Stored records
:::::

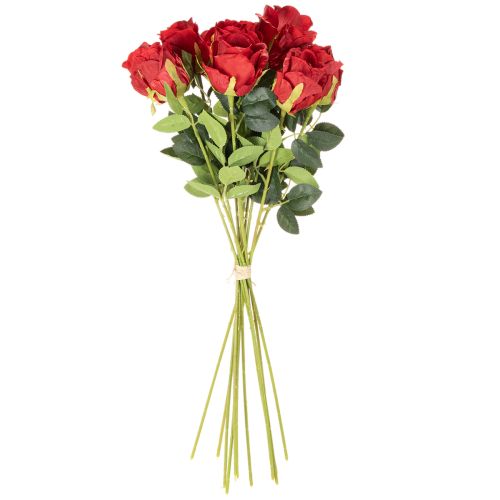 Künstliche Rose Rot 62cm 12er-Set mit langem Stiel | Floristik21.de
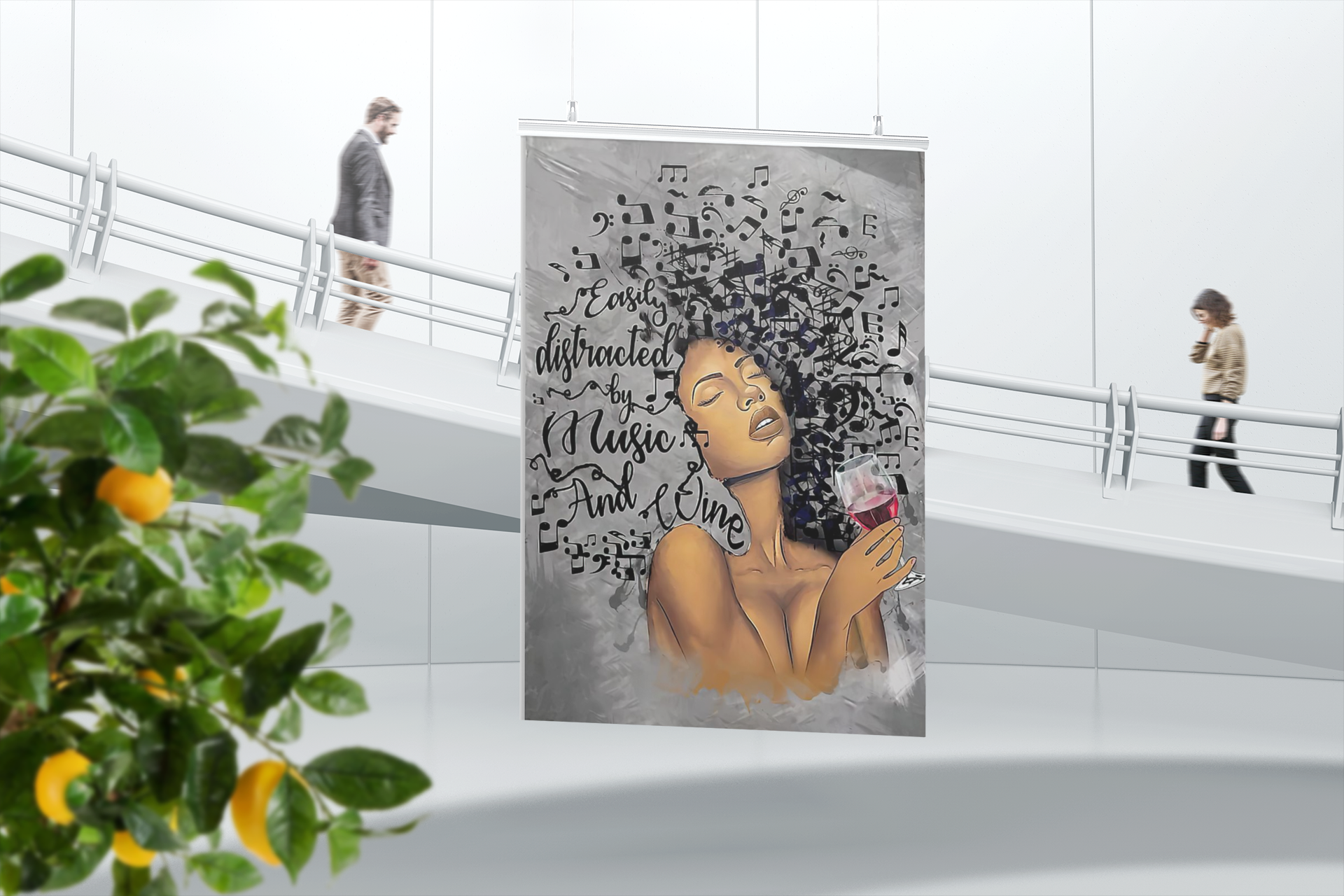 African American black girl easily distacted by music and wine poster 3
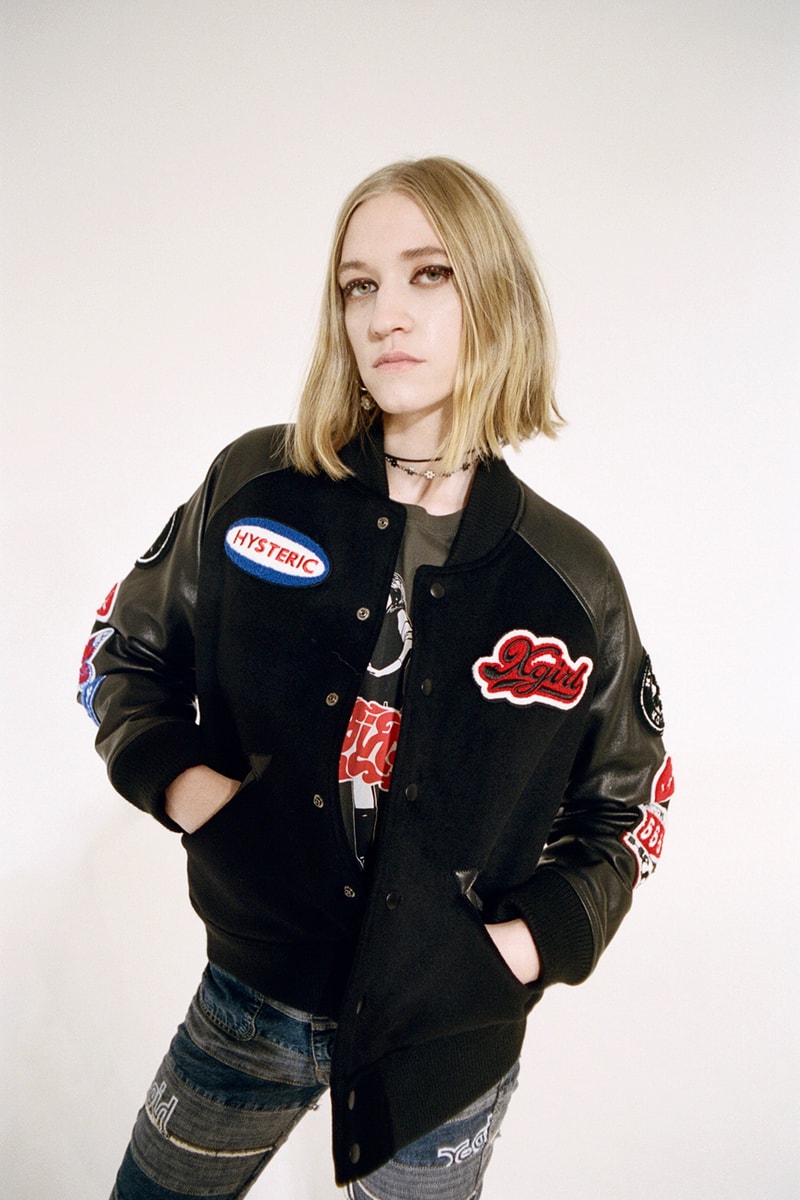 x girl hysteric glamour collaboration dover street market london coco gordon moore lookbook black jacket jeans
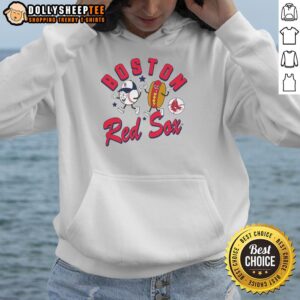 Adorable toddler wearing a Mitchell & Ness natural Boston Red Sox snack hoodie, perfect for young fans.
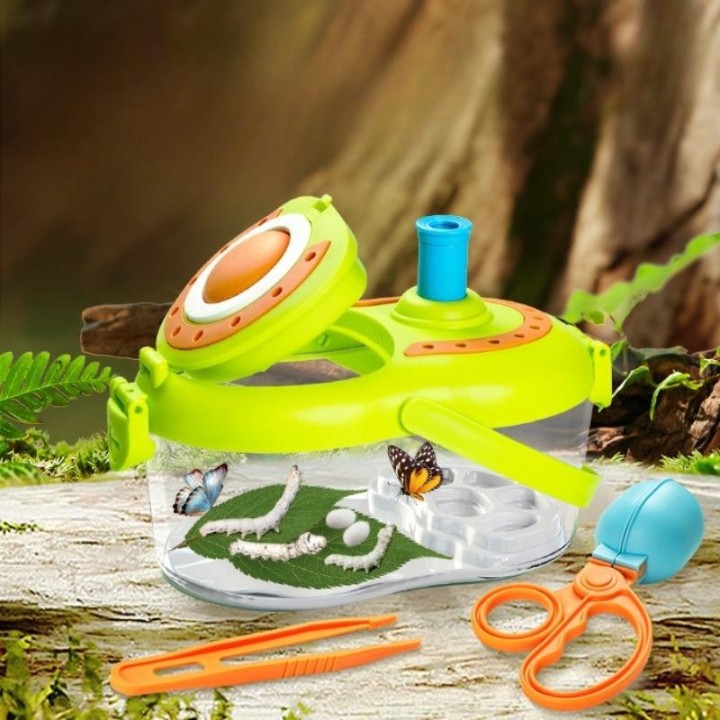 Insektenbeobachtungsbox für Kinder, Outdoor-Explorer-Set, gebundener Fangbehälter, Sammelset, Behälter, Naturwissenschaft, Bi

:::::

■ **What to do**
Every line from the top of the records above to the line with "x girl hysteric", inclusive, should be duplicated exactly, minus the pictures.

■ **Your response**
 Künstliche Rose Rot 62cm 12er-Set mit langem Stiel | Floristik21.de
 African American black girl easily distacted by music and wine poster 3
 x girl hysteric glamour collaboration dover street market london coco gordon moore lookbook black jacket jeans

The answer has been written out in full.